The onset of sunny weather in Switzerland means it is time to brush up on your summer-related vocabulary.

Five German words you'll need to know this summer
'Kapellbrücke – Also know as the Chapel Bridge – is the oldest wooden covered bridge in Europe, as well as the world's oldest surviving truss bridge. It serves as the city's symbol and as one of Switz

1. Affenhitze – scorching heat 

A long-tailed macaque monkey enjoys frozen fruit, which helps it to stay cool in warm temperatures at the Zoo in Saarbrücken, Saarland. Photo: DPA 

When translated directly, Affenhitze means monkey heat, but in this instance it is actually used to describe exceptionally hot weather or scorching heat. 

So if you want to comment on what a scorcher of a day it is, you should say “Heute ist eine Affenhitze”. 

2. Sauregurkenzeit or Sommerloch – the quiet when everyone is on holiday

The mid-summer weeks in July and August were typically when schools and offices were empty. There wasn't much going on in the city since the inhabitants went on holiday during this period, and consequently businessmen found it tricky to make money.

Hence Sommerloch became synonymous with the quiet when everyone goes on holiday.

The word – which translates literally to 'summer hole' – is typically used by the media when they have difficulties filling their newspapers for lack of events when politicians flee the city. 

3. Sommerfrische – summer retreat

And where do all of the city folk rush off to during the Sommerloch? To their Sommerfrischen of course. 

Sommerfrische, a slightly outdated term for summer holiday retreat, can be in the mountains, by the sea, or tucked away in the countryside.

Such retreats are popular with those who can afford to escape their busy city lives and enjoy the pleasant summer temperatures in a relaxed atmosphere. 

4. Hitzefrei – when schools have to shut due to hot weather

Teachers and pupils sometimes end up working in warm temperatures if school runs into summer, though the Swiss do draw the line if thermometers register between 25C and 30C in the shade.

At this point, staff and students are sent home, and the day is deemed Hitzefrei, or heat-free. 
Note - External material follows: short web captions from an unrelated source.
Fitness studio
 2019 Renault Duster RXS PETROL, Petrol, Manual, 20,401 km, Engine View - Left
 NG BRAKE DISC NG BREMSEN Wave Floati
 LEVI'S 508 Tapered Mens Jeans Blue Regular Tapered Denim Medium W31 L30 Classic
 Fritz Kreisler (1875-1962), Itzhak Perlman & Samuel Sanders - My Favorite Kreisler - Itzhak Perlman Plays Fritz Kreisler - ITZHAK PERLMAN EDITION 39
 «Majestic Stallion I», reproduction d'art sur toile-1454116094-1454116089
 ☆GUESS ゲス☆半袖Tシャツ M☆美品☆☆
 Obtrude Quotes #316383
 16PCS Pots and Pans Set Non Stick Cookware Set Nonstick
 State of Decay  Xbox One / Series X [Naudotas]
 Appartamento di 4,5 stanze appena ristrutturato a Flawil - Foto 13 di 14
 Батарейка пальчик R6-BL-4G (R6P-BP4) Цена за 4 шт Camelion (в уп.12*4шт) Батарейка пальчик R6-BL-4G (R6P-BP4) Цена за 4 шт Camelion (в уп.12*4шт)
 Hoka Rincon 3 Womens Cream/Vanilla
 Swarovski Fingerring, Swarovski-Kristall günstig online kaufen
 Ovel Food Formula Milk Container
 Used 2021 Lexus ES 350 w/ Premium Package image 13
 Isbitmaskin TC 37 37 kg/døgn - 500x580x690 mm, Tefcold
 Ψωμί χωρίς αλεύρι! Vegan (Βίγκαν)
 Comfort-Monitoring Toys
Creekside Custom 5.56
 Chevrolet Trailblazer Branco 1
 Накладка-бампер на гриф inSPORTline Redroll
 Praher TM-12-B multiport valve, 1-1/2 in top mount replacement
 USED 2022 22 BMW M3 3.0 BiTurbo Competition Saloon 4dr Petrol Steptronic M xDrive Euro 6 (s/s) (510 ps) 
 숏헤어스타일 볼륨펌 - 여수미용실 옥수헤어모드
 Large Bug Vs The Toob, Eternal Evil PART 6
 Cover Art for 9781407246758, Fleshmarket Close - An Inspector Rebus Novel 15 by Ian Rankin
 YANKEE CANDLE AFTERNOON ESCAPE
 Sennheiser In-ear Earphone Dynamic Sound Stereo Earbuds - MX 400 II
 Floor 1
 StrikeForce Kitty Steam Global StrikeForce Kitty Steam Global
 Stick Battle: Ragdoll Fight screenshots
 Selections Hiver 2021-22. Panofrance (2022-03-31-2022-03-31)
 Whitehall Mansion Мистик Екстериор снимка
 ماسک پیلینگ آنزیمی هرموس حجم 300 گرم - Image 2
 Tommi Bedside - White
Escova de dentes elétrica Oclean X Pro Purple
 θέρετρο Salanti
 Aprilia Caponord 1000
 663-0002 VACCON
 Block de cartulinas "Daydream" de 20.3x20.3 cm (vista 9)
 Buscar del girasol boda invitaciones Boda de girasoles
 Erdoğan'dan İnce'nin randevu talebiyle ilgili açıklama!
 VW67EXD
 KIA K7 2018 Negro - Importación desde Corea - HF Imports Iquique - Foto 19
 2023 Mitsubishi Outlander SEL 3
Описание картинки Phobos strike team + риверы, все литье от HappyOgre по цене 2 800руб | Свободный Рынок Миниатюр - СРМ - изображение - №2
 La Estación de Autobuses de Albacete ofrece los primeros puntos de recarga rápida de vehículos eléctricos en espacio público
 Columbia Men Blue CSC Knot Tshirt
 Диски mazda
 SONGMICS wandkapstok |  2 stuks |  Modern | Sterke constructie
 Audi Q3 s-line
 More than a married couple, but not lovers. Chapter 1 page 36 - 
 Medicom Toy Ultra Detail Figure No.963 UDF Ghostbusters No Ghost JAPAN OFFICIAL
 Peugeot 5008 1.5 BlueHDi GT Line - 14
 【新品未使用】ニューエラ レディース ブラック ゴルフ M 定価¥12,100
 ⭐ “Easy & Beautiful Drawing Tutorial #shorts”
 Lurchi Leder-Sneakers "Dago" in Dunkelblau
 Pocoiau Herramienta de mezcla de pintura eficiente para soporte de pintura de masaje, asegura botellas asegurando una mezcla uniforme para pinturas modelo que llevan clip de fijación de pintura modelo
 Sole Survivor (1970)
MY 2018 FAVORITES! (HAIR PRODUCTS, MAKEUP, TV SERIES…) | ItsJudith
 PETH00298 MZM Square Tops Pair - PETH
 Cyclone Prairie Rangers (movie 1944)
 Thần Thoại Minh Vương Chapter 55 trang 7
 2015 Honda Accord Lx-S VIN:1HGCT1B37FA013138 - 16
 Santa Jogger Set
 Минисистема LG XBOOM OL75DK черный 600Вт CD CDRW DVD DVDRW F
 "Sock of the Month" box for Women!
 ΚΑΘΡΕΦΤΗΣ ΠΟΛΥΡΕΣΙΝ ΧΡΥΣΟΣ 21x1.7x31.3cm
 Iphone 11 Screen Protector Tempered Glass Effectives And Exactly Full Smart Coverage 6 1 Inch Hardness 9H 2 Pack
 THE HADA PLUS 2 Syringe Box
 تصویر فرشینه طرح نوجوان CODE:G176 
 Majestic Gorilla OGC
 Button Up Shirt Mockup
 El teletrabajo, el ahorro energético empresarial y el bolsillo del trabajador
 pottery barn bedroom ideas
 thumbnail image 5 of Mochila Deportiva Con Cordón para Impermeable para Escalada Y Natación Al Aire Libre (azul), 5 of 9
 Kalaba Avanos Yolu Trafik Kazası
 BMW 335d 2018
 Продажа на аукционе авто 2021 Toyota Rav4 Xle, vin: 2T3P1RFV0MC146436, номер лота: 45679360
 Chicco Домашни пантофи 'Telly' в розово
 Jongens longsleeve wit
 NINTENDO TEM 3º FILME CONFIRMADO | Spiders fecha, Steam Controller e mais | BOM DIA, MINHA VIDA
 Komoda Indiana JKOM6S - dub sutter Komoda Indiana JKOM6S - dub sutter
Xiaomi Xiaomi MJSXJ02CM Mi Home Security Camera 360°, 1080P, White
5. Kaltstellen – to chill something in the fridge

A man takes chilled beers from the fridge in the July heat in Hanover, Lower Saxony. Photo: DPA

In theory you can use this word at any time of year, but you'll probably find yourself employing it more in summer when the baking hot weather leaves you in want of a cold beer, a chilled glass of wine or refreshing summery cocktail.

Kaltstellen means to keep something cool in the fridge, and can also be used colloquially to mean to sideline someone or throw someone out.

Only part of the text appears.